- **Task objective**
Give back the lines below verbatim, omitting all pictures.

- **Data shown**
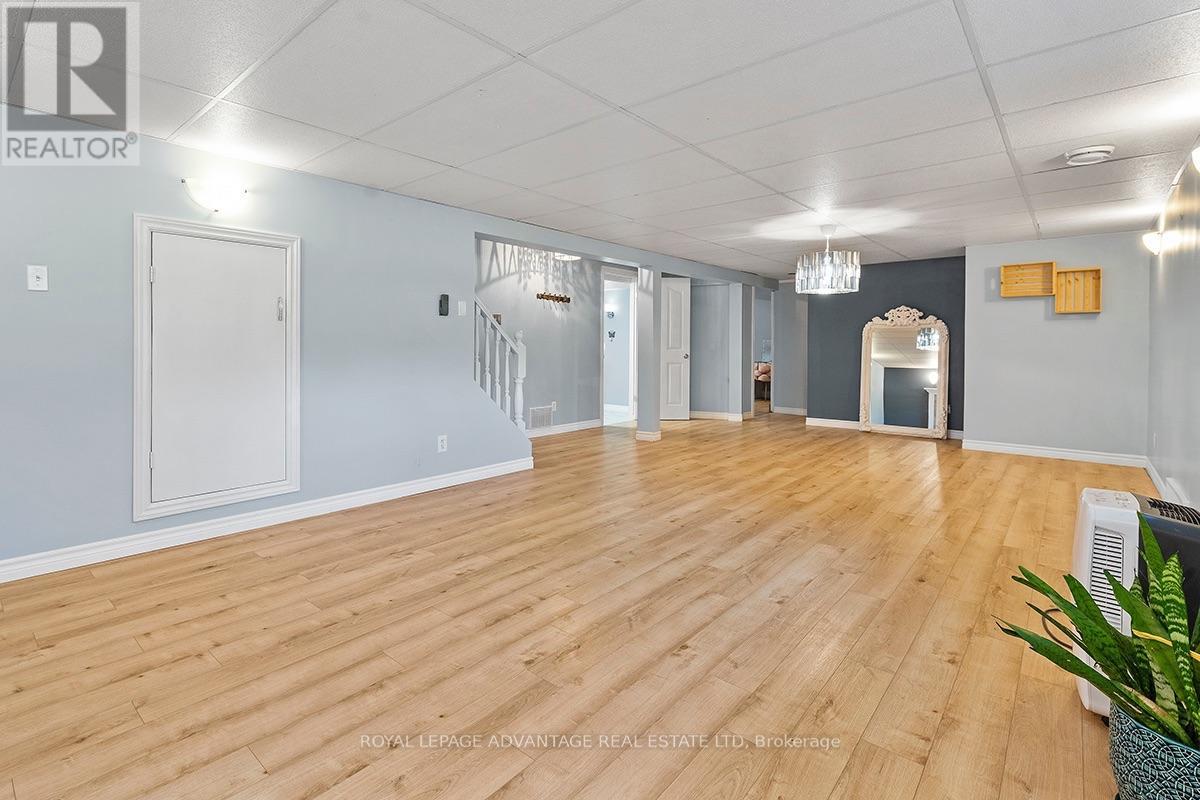 121 Stamford Drive Property Photo 36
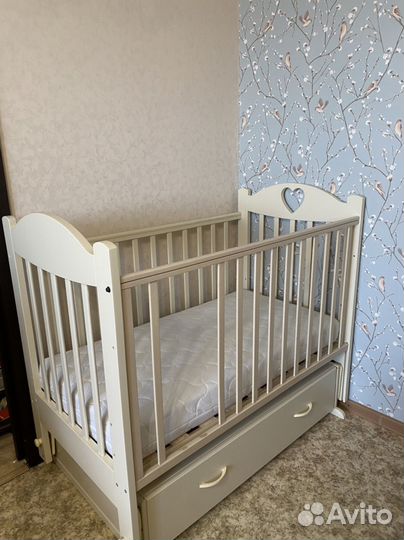 Детская кроватка с маятником и матрасом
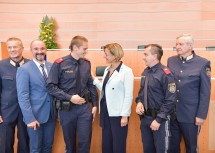 Landespolizeidirektor-Stellvertreter Franz Popp, Karl Hutter vom Bundesministerium für Inneres, Landeshauptfrau Johanna Mikl-Leitner im Gespräch mit Lehrgangs-Aspiranten und Landespolizeidirektor-Stellvertreter Rudolf Slamanig (v.l.n.r.)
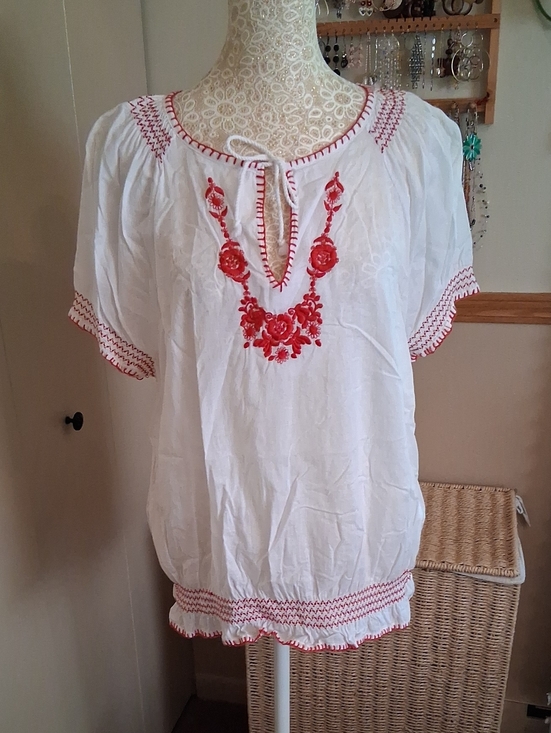Tommy Hilfiger Tops - Tommy Hilfiger White Peasant Blouse with Red Embroidery. Size XL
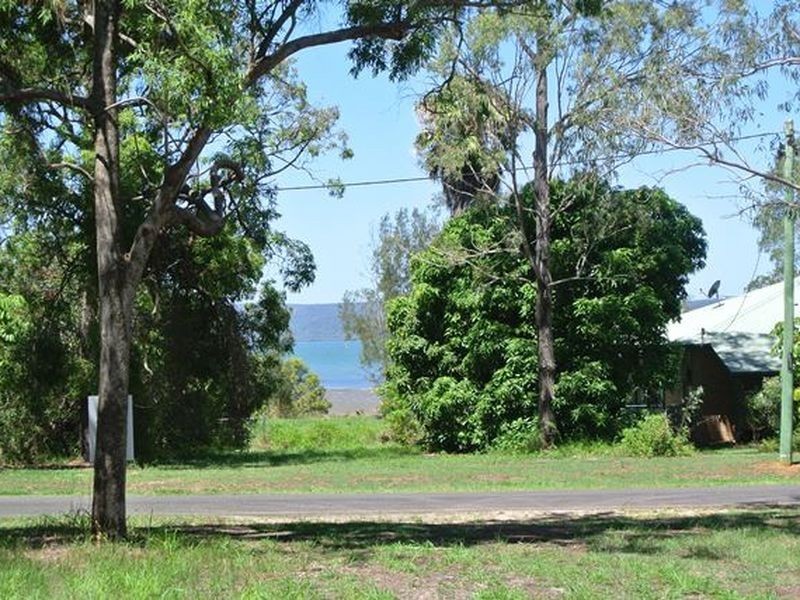 32 Beelong St, Macleay Island QLD 4184
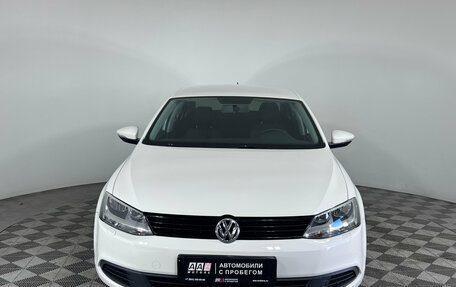 Volkswagen Jetta VI, 2013 год, 1 044 000 рублей, 2 фотография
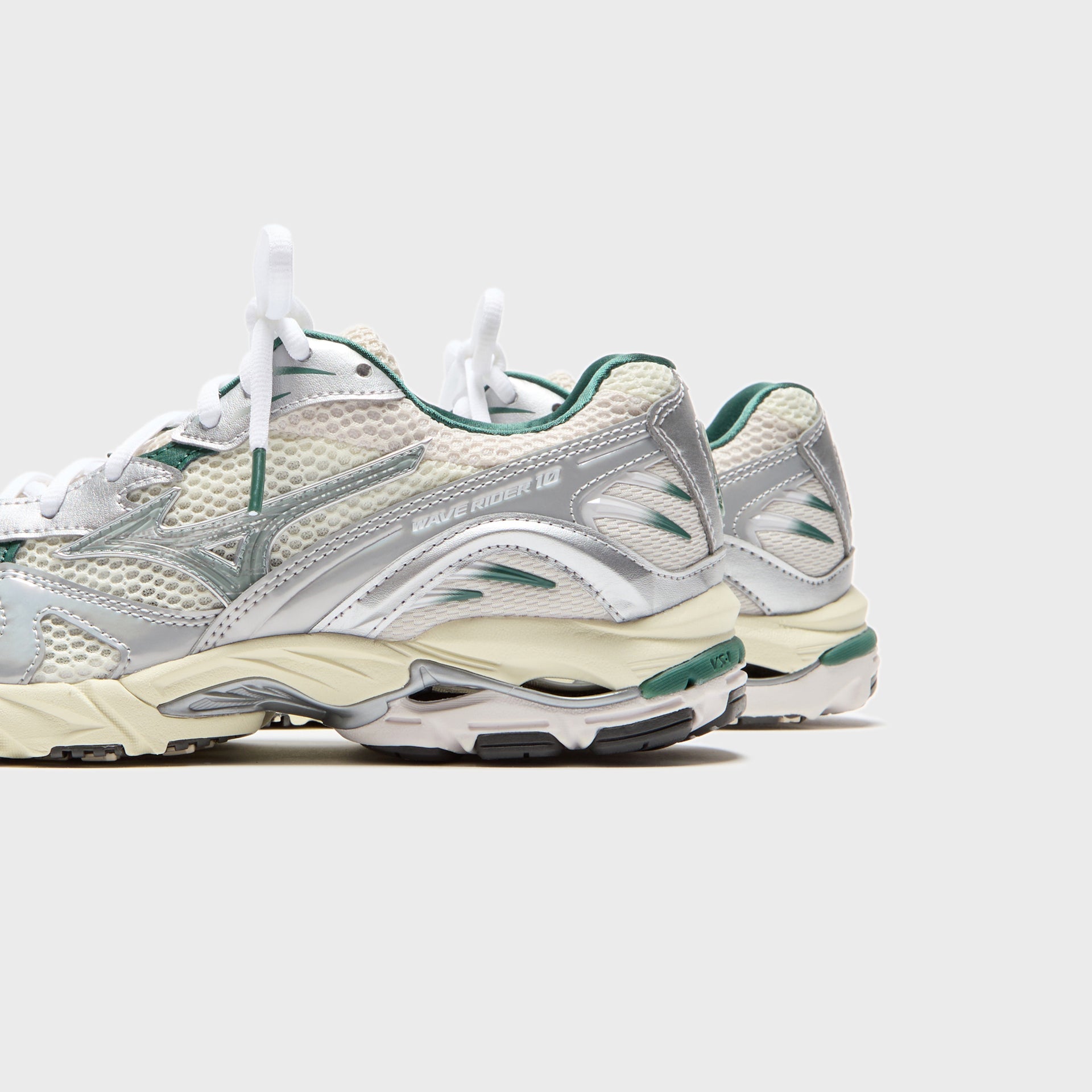 Mizuno Wave Rider 10 - Snow White / Slate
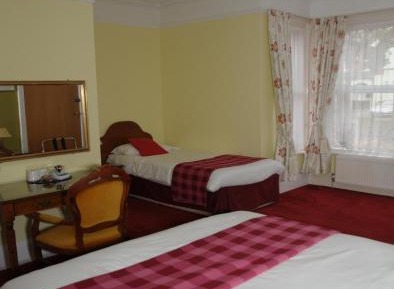 Family Room (2 Adults + 1 Child)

- **Task solution**
 121 Stamford Drive Property Photo 36
 Детская кроватка с маятником и матрасом
 Landespolizeidirektor-Stellvertreter Franz Popp, Karl Hutter vom Bundesministerium für Inneres, Landeshauptfrau Johanna Mikl-Leitner im Gespräch mit Lehrgangs-Aspiranten und Landespolizeidirektor-Stellvertreter Rudolf Slamanig (v.l.n.r.)
Tommy Hilfiger Tops - Tommy Hilfiger White Peasant Blouse with Red Embroidery. Size XL
 32 Beelong St, Macleay Island QLD 4184
 Volkswagen Jetta VI, 2013 год, 1 044 000 рублей, 2 фотография
 Mizuno Wave Rider 10 - Snow White / Slate
 Family Room (2 Adults + 1 Child)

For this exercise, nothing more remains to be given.